◆ WORK ORDER ◆
Give the entries again exactly; drop the pictures.
· · · ·
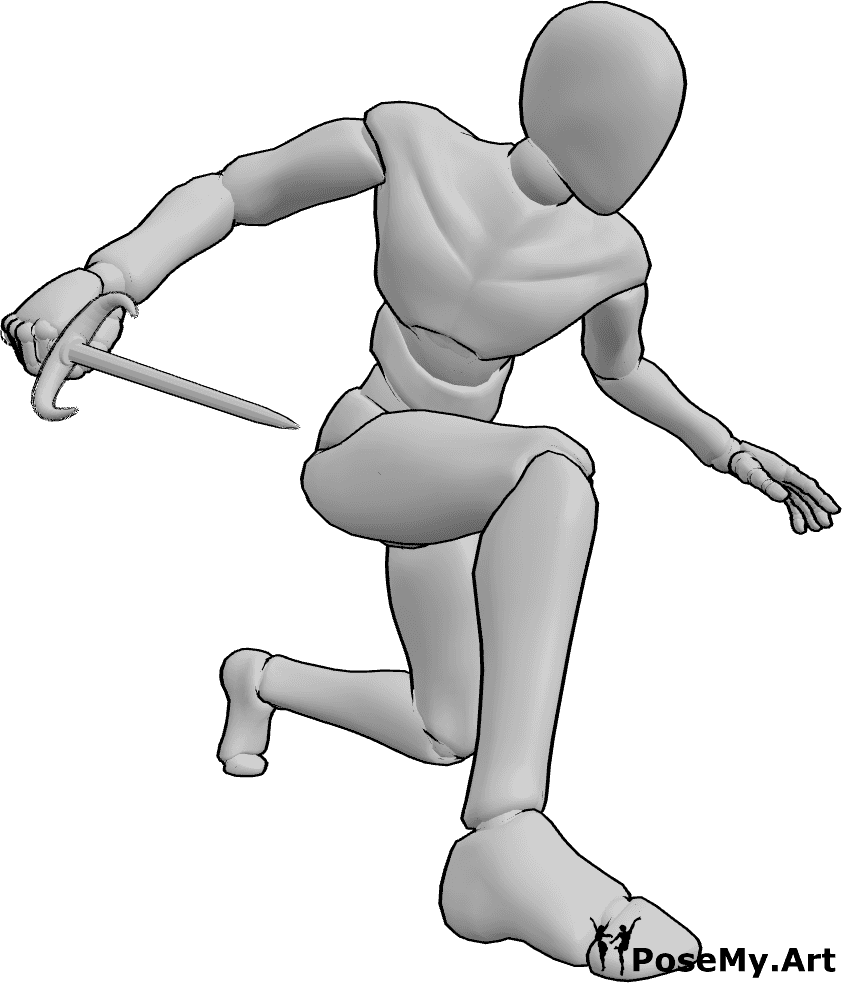 Pose Reference- Assassin stabbing pose - Male is in assassin pose, low and close, delivering a precise stab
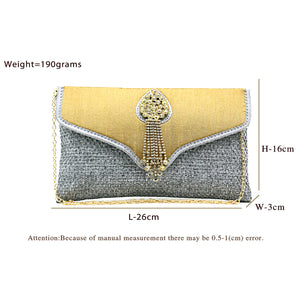 Two In One Jute V Flap Envelope Women Clutch - myStore20202019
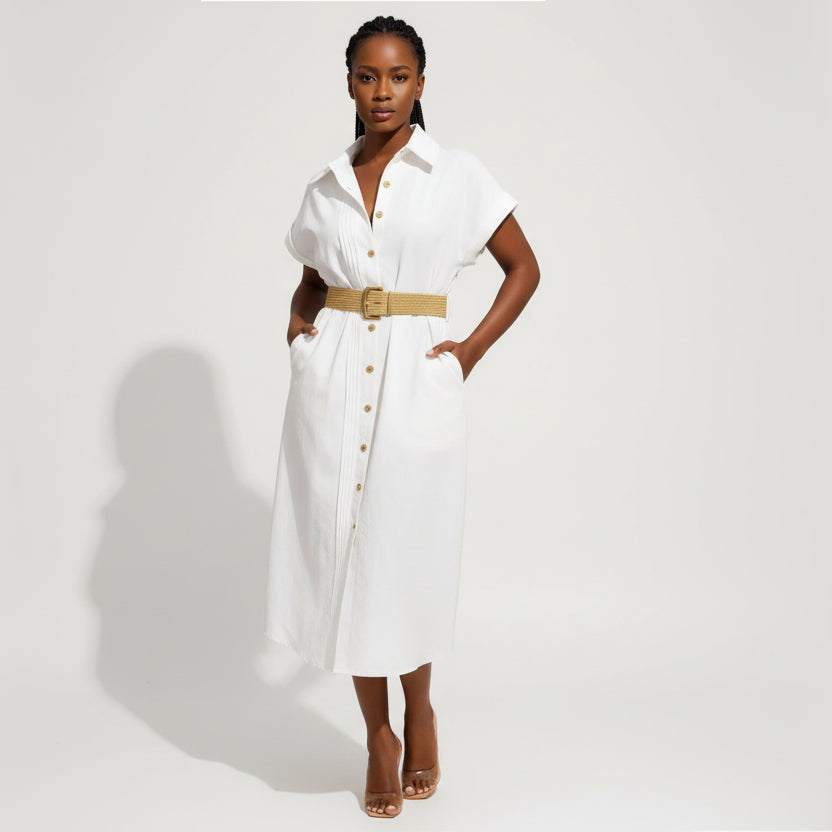 Plus Size Linen Button-Down Shirt Dress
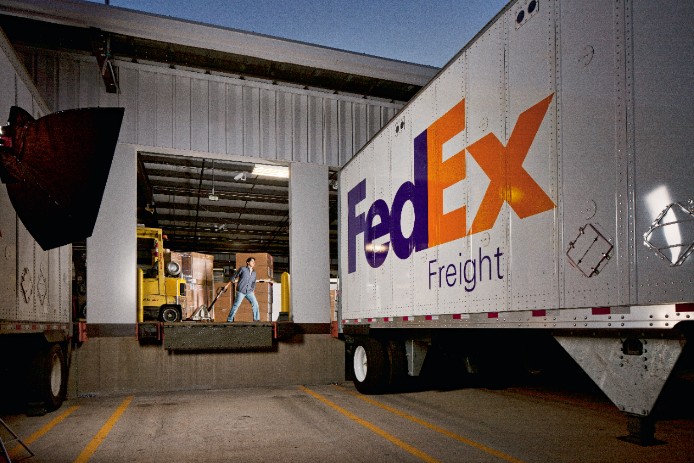 FedEx Freight truck parked in loading dock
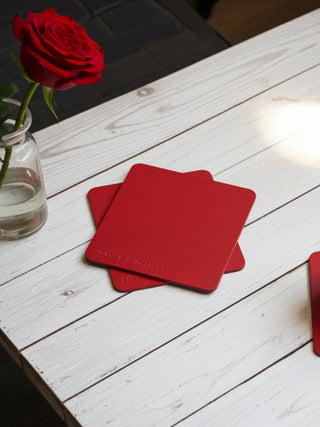 Mini Message Personalised Square Leather Valentines Coaster.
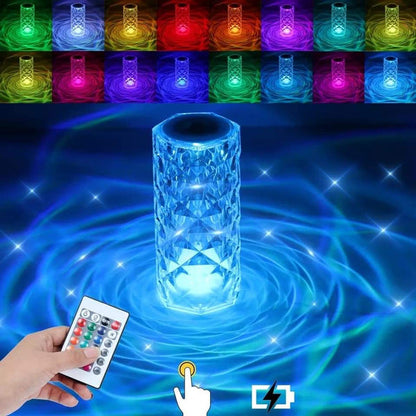 Crystal mutli color changing lamp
· · · ·
◆ YOUR RESPONSE ◆
 Pose Reference- Assassin stabbing pose - Male is in assassin pose, low and close, delivering a precise stab
 Two In One Jute V Flap Envelope Women Clutch - myStore20202019
 Plus Size Linen Button-Down Shirt Dress
 FedEx Freight truck parked in loading dock
 Mini Message Personalised Square Leather Valentines Coaster.
 Crystal mutli color changing lamp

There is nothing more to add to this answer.